Why don’t diamonds spontaneously break down into graphite? Why are diamonds used in drilling machines to bore into solid rock at very high temperatures and pressures associated with drilling? I recall a laboratory experiment described by John Hawthorne (De Beers) at the Anglo American Research Labs during 1980/81 when a diamond crystal was placed in a concrete mixer with a grinding media, and left to operate over night. Next morning no diamond was found in the comminuted slurry. Almost magic. And no graphite.
Here’s a photo of a burnt out diamond coring bit used in the GWD01 drill hole associated with a gravity anomaly.
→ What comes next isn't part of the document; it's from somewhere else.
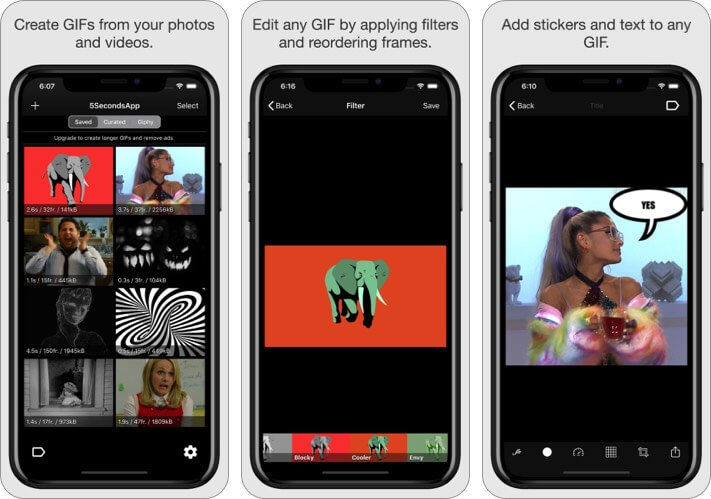 5Seconds App   Animated GIFs iPhone and iPad App Screenshot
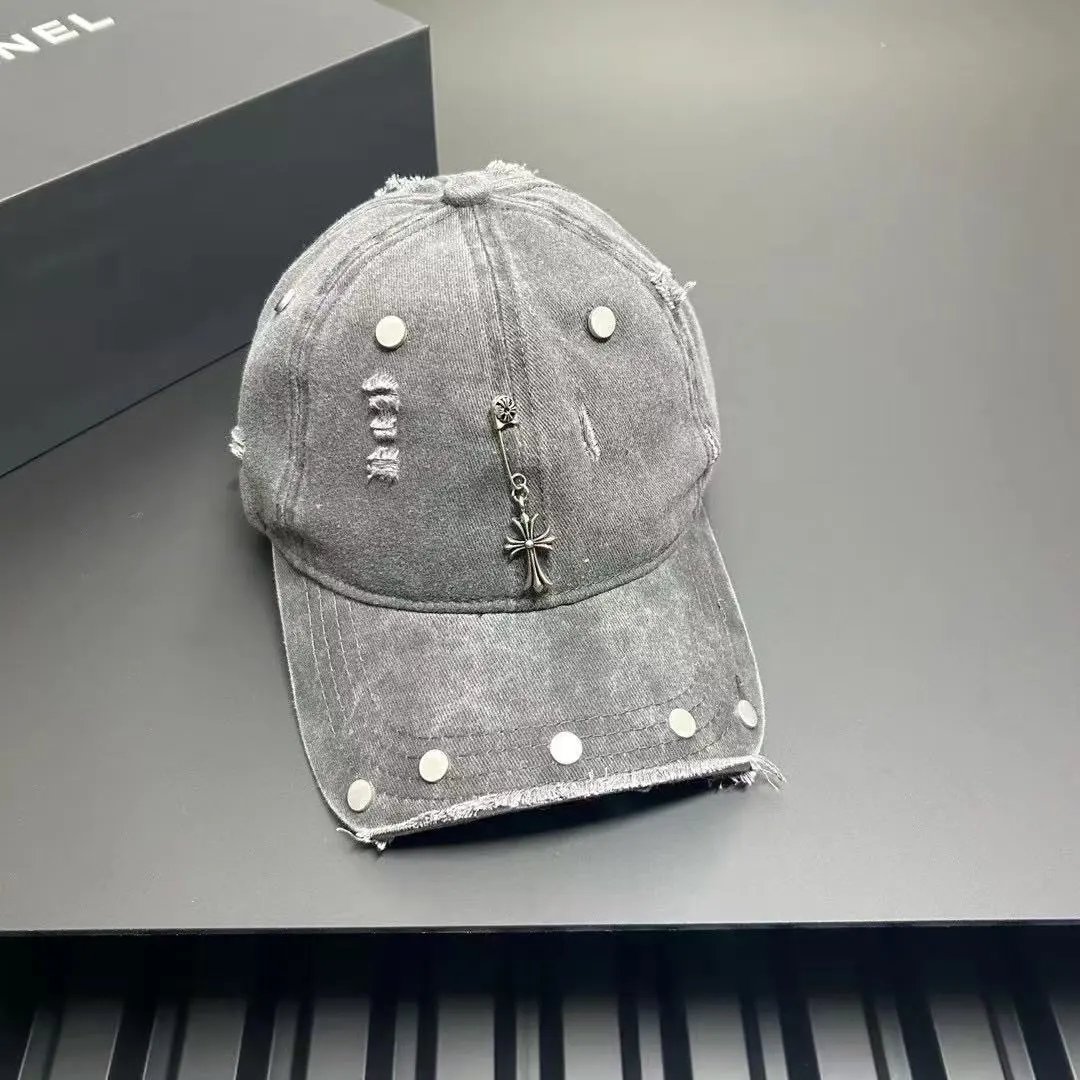 Distressed Denim Baseball Cap with Cross Charm and Rivets Vintage Style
Whoops? And the diamonds were still present in the bit matrix.
Diamonds are also the source of the diamond dust used to cut and polish gem quality diamonds; graphite is again conspicuously absent in this material. If grinding diamonds into dust doesn’t yield graphite, even under the high temperatures and pressures of a high-speed diamond drilling machine, then why is diamond so apparently physically stable at the Earth’s surface?
Which leads to the idea of an expanding earth model. Is the Earth continuously expanding or is it, like natural diamond, stable until affected by an external driver to initiate expansion? Which suggests the expansion is punctuated in a similar fashion to Gould and Eldridge’s idea of an evolutionary punctuated equilibrium for the biosphere?